Every line from the one bearing "Bedroom in a" through the last line of the records below is to be output exactly, and no other line; leave out the pictures.

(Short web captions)

>>>

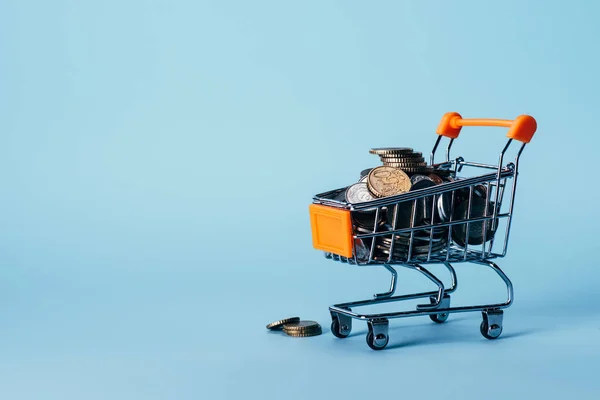Close View Little Shopping Trolley Full Coins Isolated Blue — Stock Photo, Image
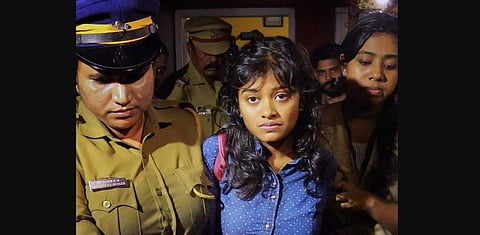 Hanan Hamid being moved away from a crowd at Kochi. (Photo |PTI)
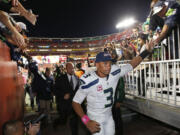 Seattle Seahawks quarterback Russell Wilson (3) reaches for the fans as he leaves the field  an NFL football game against the Washington Redskins in Landover, Md., Monday, Oct. 6, 2014. Seattle defeated Washington 27-17.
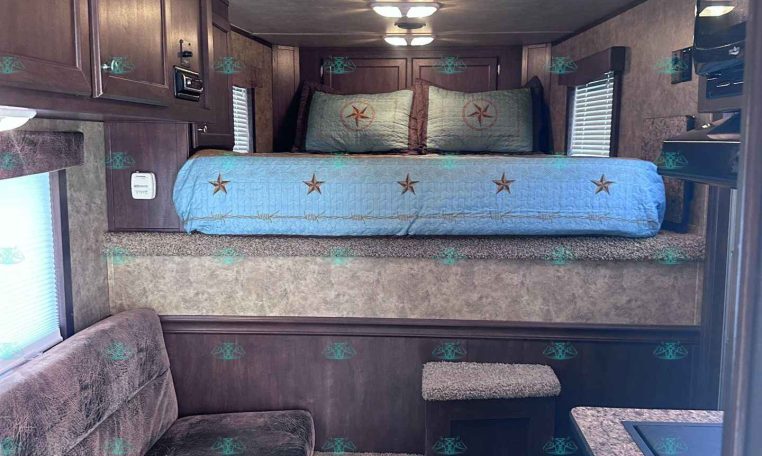 Bedroom in a dark-wood RV with a raised bed, light blue quilted bedding with star accents, and two matching pillows; ceiling HVAC unit and lights above.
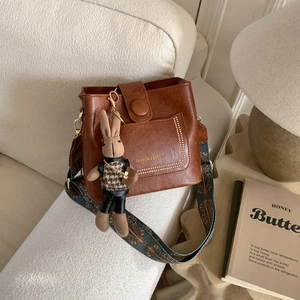 Detail of a brown wax leather bucket bag with ethnic style wide strap and rabbit charm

<<<

▸ Written answer
 Bedroom in a dark-wood RV with a raised bed, light blue quilted bedding with star accents, and two matching pillows; ceiling HVAC unit and lights above.
 Detail of a brown wax leather bucket bag with ethnic style wide strap and rabbit charm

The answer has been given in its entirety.